For the production of the original film, the team developed and used a unique “Performance Capture” system. Rooted in a Motion Capture system, the technique captures the performance of an actor’s body by recording and deciphering markers placed at key points on the body, and essentially creating a skeleton that drives those same points as the basis of an animated character. Performance Capture extends the system by adding a facial camera rig, which adds the true facial expressions of the actor in their performance of a scene.

The resultant animation from Weta is so life-like, it can be easy for to forget one is watching alien characters, and not human actors.

Not long after the release of the first film, Cameron, his longtime producing partner Jon Landau, and the production team discussed improvements they would like to make for upcoming sequels to make the performances even more lifelike. They also brought back Virtual Production Supervisor Ryan Champney, who became part of Cameron’s company, Lightstorm Entertainment.

Design

As planning for the new film was beginning, Cameron worked with Production Designers Dylan Cole and Ben Procter who created concept art based on the director’s script. “He uses those to bash out story ideas while they were writing,” explains Lightstorm Executive Producer and Visual Effects Supervisor Richie Baneham, walking through the script with him and mapping out scenes. Cole’s work focused on everything present in the natural world of Pandora where its inhabitants, the Na’vi, live.

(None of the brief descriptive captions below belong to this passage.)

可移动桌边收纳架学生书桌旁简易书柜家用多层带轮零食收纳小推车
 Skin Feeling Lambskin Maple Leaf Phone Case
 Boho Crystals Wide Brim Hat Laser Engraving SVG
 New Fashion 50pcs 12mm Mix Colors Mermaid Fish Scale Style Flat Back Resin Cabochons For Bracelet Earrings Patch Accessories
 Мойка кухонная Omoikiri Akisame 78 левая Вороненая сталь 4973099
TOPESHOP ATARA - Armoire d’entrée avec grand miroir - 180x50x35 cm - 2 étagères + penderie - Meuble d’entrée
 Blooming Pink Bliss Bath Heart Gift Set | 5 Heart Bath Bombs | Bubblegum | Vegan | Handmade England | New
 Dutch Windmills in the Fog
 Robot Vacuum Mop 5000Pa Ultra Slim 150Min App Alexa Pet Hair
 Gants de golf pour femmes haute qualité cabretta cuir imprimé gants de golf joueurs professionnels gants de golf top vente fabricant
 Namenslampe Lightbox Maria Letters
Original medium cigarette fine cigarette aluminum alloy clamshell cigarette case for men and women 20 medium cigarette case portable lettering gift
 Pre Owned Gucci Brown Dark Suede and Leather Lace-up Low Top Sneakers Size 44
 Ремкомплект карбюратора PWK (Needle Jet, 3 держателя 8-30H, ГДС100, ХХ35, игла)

Procter’s designs were focused on the elements of the human world—the human environments, ships, gear and vehicles. Cole’s and Procter’s concept art is then turned over to Lightstorm’s teams of visual effects artists, working out of offices attached to the company’s soundstages in Manhattan Beach, CA.

The Environments artists there take that art and begin modeling each of the assets—molding and sculpting everything from the physical environments in which the scenes take place to Na’vi characters, creatures, animals, every piece of costume, plants, vehicles, weapons and more—a total of more than 38,000 individual assets, all of which have to be created before Performance Capture can take place.